Crates will still have a canonical name that uses dashes or slashes, but it only matters for presentation.
Motivation
Crates.io already prevents you from publishing foo_bar
when foo-bar
already exists (and vice versa). The equivalence class of crate names under replacement between dashes and underscores already uniquely defines a single crate. Crates.io and docs.rs already perform redirects.
However, every time I type a crate name in Cargo.toml I need to remember whether the crate uses dashes or underscores. This is annoying and rather unnecessary.
New projects are also forced to make a choice between dashes and underscores, and most of the tradeoffs there have to do with the choice that people will pick first (to minimize friction when working with this crate). Dashes are more of a typical default pick, but new Rustaceans not aware of the dash-to-underscore conversion may first try underscores.
The Rust project so far has not made a stance strongly preferring one or the other, nor does it seem likely, so this problem isn't going anywhere.
It seems to me we can make all of this a moot point by treating them as equivalent in the backends.
Guide-level explanation
Crates with underscores or dashes in their names can be referred to with any name that is equivalent to the original under the replacement of one or more dash/underscore with the other separator. This applies to Cargo.toml, crates.io, and docs.rs.
Reference-level explanation
When published, crates have a canonical name which is their name when published. This crate will have an equivalence class equal to all names that can be formed by replacing one or more -
with _
or vice versa in the crate.
crates.io
and docs.rs
will perform redirects when you visit any name within the equivalence class that is not the canonical name (This is already the case)
Cargo will also treat these crates as equivalent. When traversing the registry trie, it will traverse both underscore and dash options for the crate, picking up the first matching crate it finds. This is technically a breaking change for custom registries (see below), though I'm not sure if people would actually care about that.
Cargo will also treat names within this equivalence class as equivalent when looking for path or git dependencies, i.e. the following is okay:
# ./Cargo.toml
[dependencies]
foo-bar = {path = ../foobar}
# ../foobar/Cargo.toml
[package]
name = "foo_bar"
Cargo will, in its user interface, report the canonical name of the crate.
Drawbacks
It being forbidden to upload an underscore-crate when a dash-crate exists (and vice versa) is not a Cargo feature, it is a crates.io feature. It does not apply to custom registries. Any solution that makes the Cargo codebase itself aware of dashes and underscores may be a breaking change for custom registries.
We could potentially add support for "renames" to the registry format, however this will bloat the set of crates in the registry. Such a feature may eventually be useful for folks wishing to migrate to optional namespacing.

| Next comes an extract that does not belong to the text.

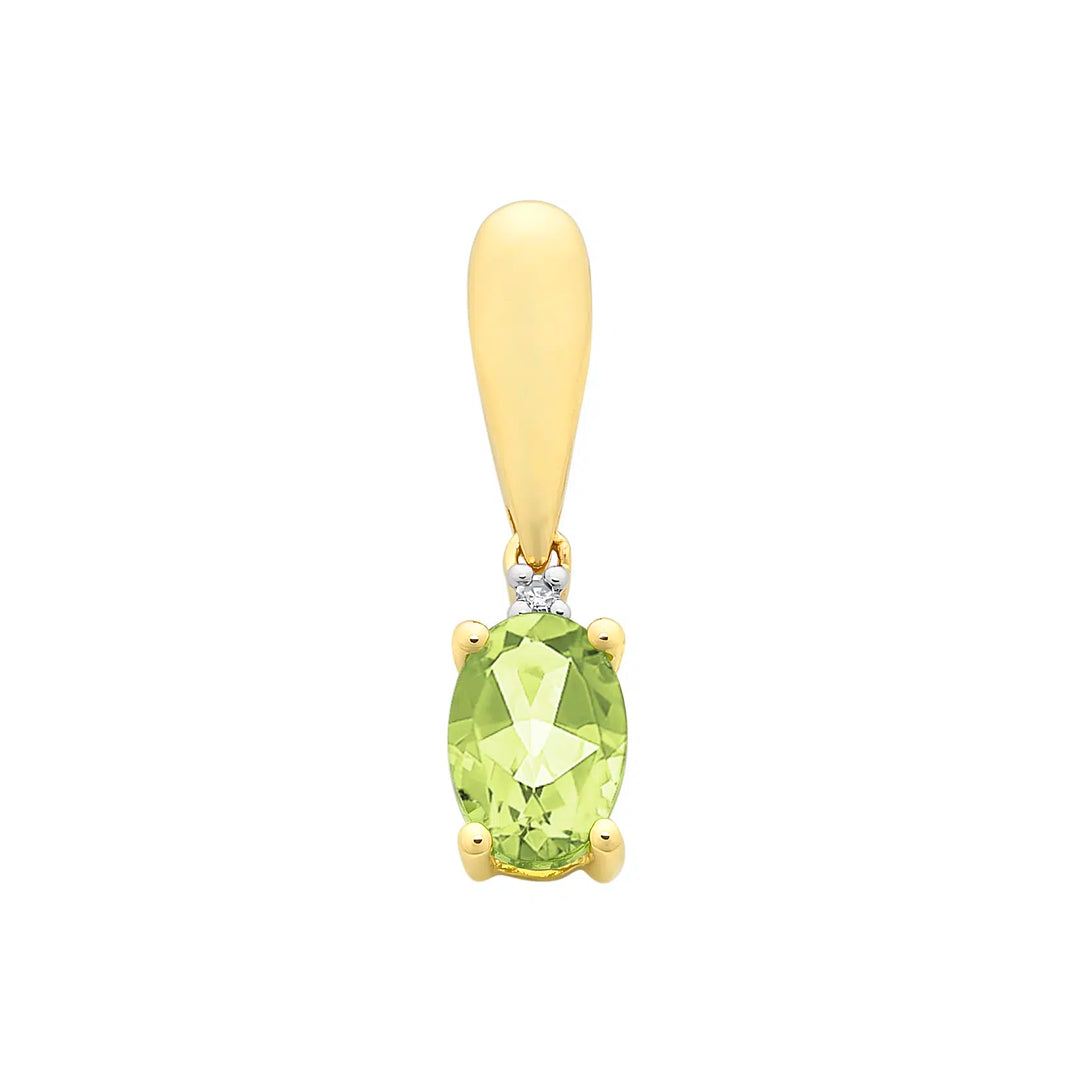 9ct Yellow Gold Peridot & Diamond Pendant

Rationale and alternatives
We could simply not do this, however this confusion seems to crop up a lot.
We could also "solve" this by, as a community, determining that either dashes or underscores is the accepted idiomatic style, and use those for newer crates. Over time this will diminish this problem, and if we ever add support for renames potentially get rid of the problem entirely.
Prior art
This has been in the past discussed at https://github.com/rust-lang/cargo/issues/2775
Unresolved questions
None so far
Future possibilities
It's worth considering the interaction of this feature with Pre-RFC: Packages as Optional Namespaces or whatever namespacing solution we pick. So far it does not clash.
Any solution that involves teaching Cargo about renames may also be useful for supporting renames for smoother migration to namespaced packages.